The lawmakers' reaction and the cheering that followed in the FCM reminded me of the short italicized note that Pravda regularly tacked onto the bottom of paragraphs recording similarly fulsome leadership speeches: Burniye aplodismenty; vce stoyat! -- Stormy applause; all rise! Even so, Soviet leaders generally avoided (as not quite presidential) seeking applause for thinly veiled allusions to extrajudicial killing.
"and Fawning Over Creeps
It is Congress that is collectively responsible for abdicating its oversight responsibility, while cheering creeps like Cofer Black, CIA's top counter-terrorism official from 1999 to May 2002 and now one of Blackwater's senior leaders.
On Sept. 26, 2002 in his prepared testimony to the Joint Congressional Inquiry on 9/11, the swashbuckling Black said this about "operational flexibility":
"All I want to say is that there was 'before' 9/11 and 'after' 9/11. After 9/11 the gloves came off. ... I know that we are on the right track today and as a result we are safer as a nation. 'No Limits' aggressive, relentless, worldwide pursuit of any terrorist who threatens us is the only way to go and is the bottom line."
What were those "gloves" to which you referred, Mr.
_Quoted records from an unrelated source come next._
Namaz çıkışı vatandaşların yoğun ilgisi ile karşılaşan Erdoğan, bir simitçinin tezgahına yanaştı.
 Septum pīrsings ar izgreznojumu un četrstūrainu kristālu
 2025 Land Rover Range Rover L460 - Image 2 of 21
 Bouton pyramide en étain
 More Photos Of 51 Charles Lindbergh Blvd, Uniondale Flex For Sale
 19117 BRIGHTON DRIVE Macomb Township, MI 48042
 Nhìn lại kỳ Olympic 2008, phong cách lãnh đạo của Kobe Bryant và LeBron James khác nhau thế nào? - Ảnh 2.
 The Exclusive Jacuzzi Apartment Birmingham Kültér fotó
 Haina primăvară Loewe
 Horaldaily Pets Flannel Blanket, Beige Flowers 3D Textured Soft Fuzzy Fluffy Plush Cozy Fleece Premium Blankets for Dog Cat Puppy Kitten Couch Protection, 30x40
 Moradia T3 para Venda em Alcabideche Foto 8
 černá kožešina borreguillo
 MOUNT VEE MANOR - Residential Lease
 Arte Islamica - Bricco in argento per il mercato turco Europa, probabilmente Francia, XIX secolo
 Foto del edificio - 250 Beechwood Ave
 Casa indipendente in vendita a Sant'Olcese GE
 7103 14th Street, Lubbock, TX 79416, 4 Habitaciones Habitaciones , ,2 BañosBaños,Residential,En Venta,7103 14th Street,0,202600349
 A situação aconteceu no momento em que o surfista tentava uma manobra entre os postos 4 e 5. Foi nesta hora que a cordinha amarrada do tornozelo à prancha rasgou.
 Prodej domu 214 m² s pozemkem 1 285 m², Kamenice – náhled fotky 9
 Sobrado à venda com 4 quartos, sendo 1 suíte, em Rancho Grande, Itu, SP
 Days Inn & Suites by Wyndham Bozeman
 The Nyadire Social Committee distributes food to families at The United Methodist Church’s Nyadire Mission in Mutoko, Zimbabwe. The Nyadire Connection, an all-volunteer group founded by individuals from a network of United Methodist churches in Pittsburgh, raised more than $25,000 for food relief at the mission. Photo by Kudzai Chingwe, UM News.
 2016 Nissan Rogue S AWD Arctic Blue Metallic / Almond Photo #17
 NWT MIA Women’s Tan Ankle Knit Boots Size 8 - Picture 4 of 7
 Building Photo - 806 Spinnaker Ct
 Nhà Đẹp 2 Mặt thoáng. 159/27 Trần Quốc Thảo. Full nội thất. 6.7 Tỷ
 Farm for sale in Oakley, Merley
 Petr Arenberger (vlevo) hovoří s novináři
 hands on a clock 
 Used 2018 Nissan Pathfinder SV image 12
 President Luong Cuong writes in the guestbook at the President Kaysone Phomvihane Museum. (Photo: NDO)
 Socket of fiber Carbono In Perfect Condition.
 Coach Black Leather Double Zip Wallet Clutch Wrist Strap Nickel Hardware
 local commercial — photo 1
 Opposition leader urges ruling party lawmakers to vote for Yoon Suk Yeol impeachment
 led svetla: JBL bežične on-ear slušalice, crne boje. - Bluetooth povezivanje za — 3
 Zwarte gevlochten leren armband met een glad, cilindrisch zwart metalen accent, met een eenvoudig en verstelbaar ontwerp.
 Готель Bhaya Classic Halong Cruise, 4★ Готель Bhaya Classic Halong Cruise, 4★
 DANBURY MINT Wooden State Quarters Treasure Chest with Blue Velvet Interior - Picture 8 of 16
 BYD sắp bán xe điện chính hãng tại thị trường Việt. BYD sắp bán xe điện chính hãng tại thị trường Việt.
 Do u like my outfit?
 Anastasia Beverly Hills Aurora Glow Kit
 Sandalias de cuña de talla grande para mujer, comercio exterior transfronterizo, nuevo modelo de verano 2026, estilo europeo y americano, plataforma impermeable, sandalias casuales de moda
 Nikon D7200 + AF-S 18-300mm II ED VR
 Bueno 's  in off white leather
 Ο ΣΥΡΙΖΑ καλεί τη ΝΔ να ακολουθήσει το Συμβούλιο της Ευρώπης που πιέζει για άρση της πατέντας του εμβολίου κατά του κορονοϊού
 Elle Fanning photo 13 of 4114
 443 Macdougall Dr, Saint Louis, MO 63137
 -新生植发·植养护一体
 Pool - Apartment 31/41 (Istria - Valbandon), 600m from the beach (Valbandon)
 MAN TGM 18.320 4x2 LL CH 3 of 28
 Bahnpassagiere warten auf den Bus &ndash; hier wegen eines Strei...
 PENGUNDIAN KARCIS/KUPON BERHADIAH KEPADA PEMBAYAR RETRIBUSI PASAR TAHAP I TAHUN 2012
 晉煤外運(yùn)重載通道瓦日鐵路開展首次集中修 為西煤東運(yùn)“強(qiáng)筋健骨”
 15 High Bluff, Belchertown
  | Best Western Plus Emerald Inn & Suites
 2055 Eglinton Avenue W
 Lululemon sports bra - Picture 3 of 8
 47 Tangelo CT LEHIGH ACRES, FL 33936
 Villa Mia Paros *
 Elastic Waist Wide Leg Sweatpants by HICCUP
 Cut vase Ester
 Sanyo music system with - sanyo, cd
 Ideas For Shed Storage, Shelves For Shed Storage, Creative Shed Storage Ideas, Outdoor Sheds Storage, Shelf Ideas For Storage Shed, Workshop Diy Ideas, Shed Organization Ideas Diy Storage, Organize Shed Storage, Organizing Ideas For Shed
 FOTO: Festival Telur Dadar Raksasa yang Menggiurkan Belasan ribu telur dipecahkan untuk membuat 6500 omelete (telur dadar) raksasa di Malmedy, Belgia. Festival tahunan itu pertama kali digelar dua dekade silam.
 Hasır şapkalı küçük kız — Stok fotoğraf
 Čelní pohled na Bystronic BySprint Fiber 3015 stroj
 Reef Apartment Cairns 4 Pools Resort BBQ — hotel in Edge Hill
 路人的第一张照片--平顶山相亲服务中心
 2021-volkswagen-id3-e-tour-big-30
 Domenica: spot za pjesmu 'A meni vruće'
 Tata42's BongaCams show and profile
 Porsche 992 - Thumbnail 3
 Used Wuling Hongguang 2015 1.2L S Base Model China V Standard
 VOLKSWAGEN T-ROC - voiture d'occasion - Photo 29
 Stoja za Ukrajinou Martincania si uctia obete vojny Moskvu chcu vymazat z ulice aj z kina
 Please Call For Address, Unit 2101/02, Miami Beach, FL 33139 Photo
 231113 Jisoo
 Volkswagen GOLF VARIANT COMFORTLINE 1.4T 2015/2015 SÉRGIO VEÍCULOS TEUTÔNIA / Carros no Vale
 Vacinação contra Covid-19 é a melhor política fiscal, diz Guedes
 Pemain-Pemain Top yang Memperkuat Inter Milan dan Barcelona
Black? Do you mean that legal restrictions were gone? And "No Limits?" Is it the case that there now are no limitations on your pursuit of terrorists? Whence do you derive that kind of authority, Mr. Black? These are just some of the pertinent questions that members of the congressional panel apparently felt would be impertinent to ask.
And authorization? In the Bush/Cheney White House, all it took was a presidential signature, like the one appearing in broad strokes of felt-tipped pen under the two-page executive memorandum of Feb. 7, 2002.